There are several types of cellars, but two basic ones can be distinguished: the ground floor ones and the two storied ones. They are often clustered in a row or in blocks, both the ground floor ones and the stories ones, but there also the free-standing ones.

The lower floor ones are usually stone built of irregular rectangular ground plan. Normally, they are up to 1-1.2 m underground. Entrance to an individual cellar is usually on the side where the hillside slopes down, or if the structure is perpendicular to the land contours, the entrance is made in the long, side wall. If a household is not much well off, a cellar may have lower walls with a smaller size portal set in a rectangular wooden frame with double doors. On the other hand, if a household is well off, the walls may be very high, with monumental portals set in the decorated stone frame. In two-storey cellars, the lower floor was a dug-out wine cellar, while the upper floor was used as a dwelling for the owner or season workers who come to work in the vineyards or wine and brandy distilleries.

The two-storey cellars can be classified into two subtypes, depending on how steep the hillside is. If the slope is steeper, the cellars are often between two alleys. The lower level is mostly dug-out, so the wall at the entrance is about 1-1.2m high, while the one on the opposite side is completely dug into the ground. The upper level is entered from the side opposite to the cellar entrance, directly from the road level. The other subtype are those built on the not so steep slopes, so that the cellar is about 150cm dug into the ground, and the upper floor is accessed by a wooden or sometimes stone staircase. There are only about a dozen of those structures. They were mainly built at the major crossroads or around the central squares, and look like towers.

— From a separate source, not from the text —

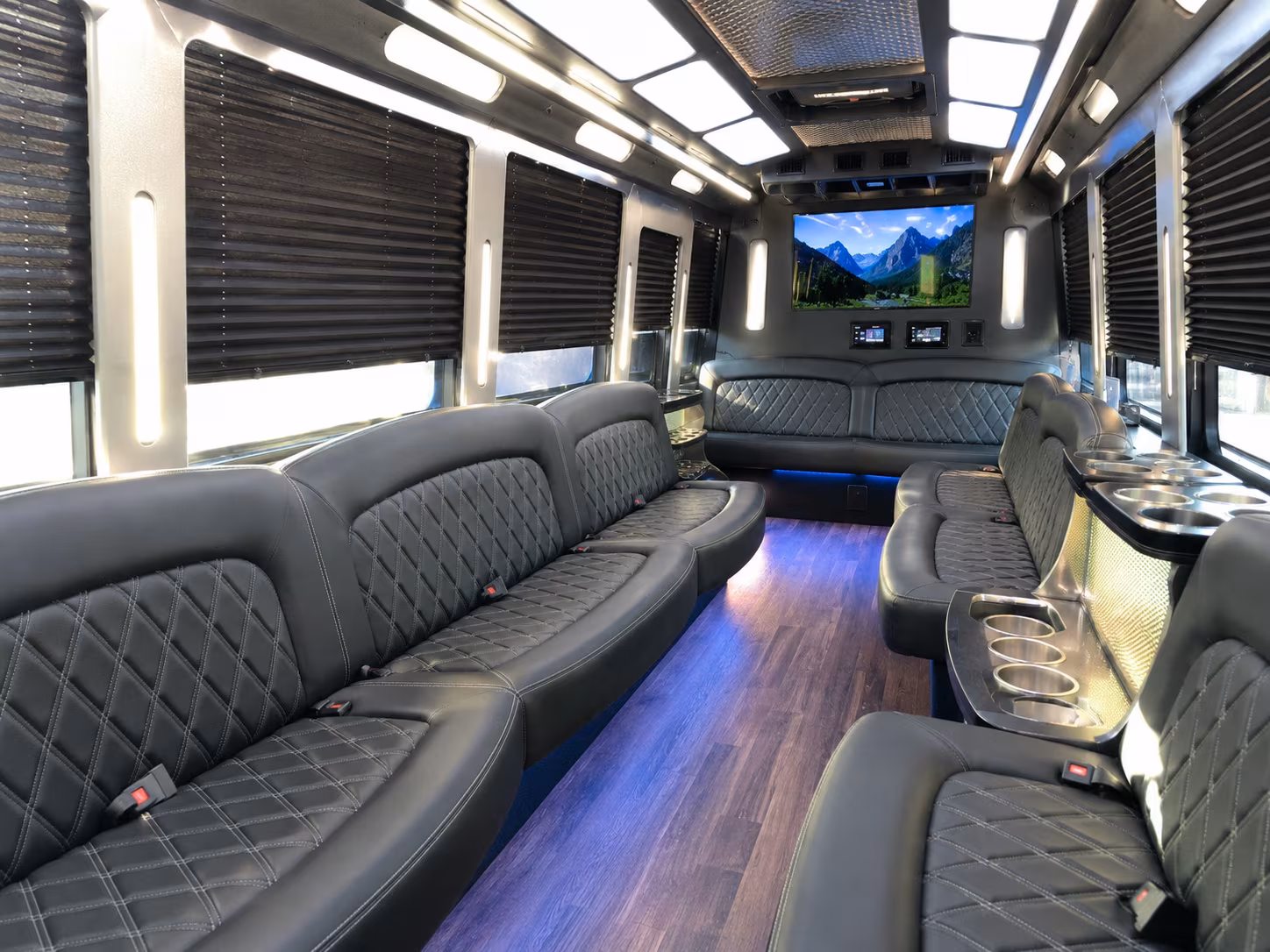 Pittsburgh Birthday, Sweet 16, & Quinceañera Transportation party bus exterior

Along the south-west end of the compound there is a village cemetery and in its centre there is an old one with about 200 old tombstones dating from the 19th century, extraordinarily preserved, quite unique valuable and unique in Serbia. The cemetery tombstones on Beli Breg are in a shape of a monolith cross or a tall column-like stone capped with flat stones. These extraordinary headstones are of yellowish compact sandstone (bioclastic limestone) and almost all the surfaces are covered with relief ornaments. The most common bas-relief motif is a cross displayed in various, quite elaborate ways, combined with letters IS HS NI KA, as the image symbolises the Golgotha Cross, the Crucifixion. Often there are rosettes symbolising the Sun, then a circle, a swastika, serrated ribbons and zigzag lines, simplified and stylised branches, vines, broken lines and slanted cuts, spiral ribbons and shallow arched niches.

Rogljevske Pivnice are wine cellars in the village of Rogljevo, located on a hill north of the village of Rajac, built next to the vineyards. This secondary settlement is between 80 and 110m above the sea level. Its centre is most densely built around the sacred tree and the common table, the folk table and the well.

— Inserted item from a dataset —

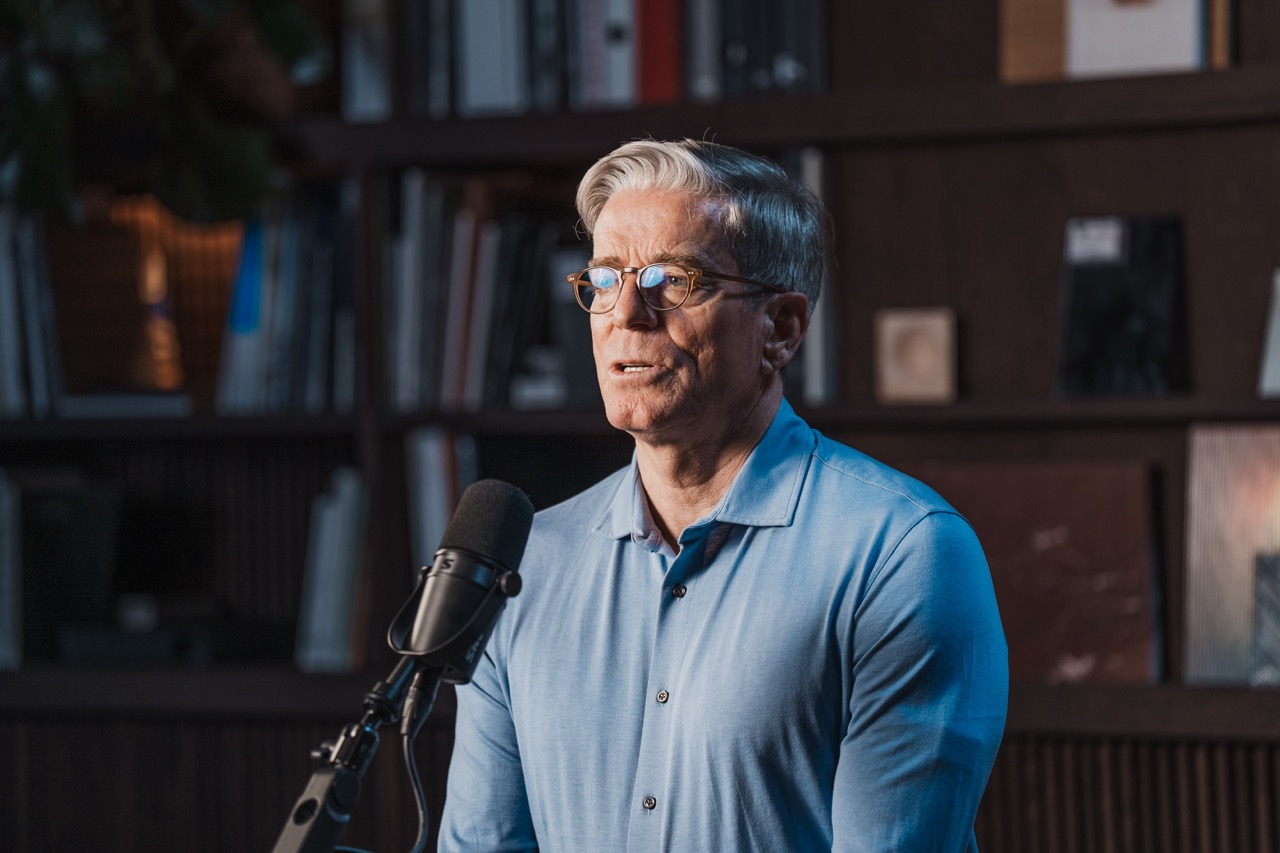 Gast vor Bücherwand, Markenpodcast München Set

The compound was formed as if following the structures of a real settlement, so it was on a plateau and like a village has an elongated form. The structures were built along the two, almost parallel main roads that follow the land contour, with several side ones, connecting the main roads. Some of the structures were built in a row, two or more, although there are also the free-standing ones, following an imaginary line of alleys. The cellars could also be accessed from two sides, the main entrance façade, with a monumental portal – along the main road, and from the back, where there are openings for the grape pulp – along the side roads. However, these side roads for one row of structures is often a main road for the second row behind. For that reason, there is a tradition, a rule not to close the access to the openings for the pulp, even if they are not in use.

According to the local population, there used to be more than 300 cellars but many were destroyed in fires or just deteriorated, particularly after the WWII, when the owners left them to the elements. Today, there are about 122 structures, of which 40 are in use for wine making and about 8 have become taverns of exhibition spaces.

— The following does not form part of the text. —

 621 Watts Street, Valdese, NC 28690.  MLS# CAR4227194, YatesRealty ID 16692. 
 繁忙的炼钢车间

The earliest preserved cellars of Rogljevo were most probably built in the first half of the 19th century and one or two storey structures. Both types have the foundation or cellar walls made of broken stone, while the ground and upper level walls are made of wood, dressed planks using the corner saddle notch joints. The wooden part was covered with a mixture of mud and straw – cob, and the hipped roofs with extended eaves were covered with tiles of Mediterranean type. Such cellars were built until the mid 19th century, when the region saw an economic expansion, exporting wine to the West, since at that time phylloxera destroyed many vineyards, in France in particular.

The majority of cellars, 40 of them, were built between 1859 and 1890. Those were mostly large, even monumental structures of vast rectangular ground plan and of substantial height, built mostly of sandstone blocks (bioclastic limestone), with simply decorated but imposing arched portals. Here, in this compound, a great number of cellars are still in their original use.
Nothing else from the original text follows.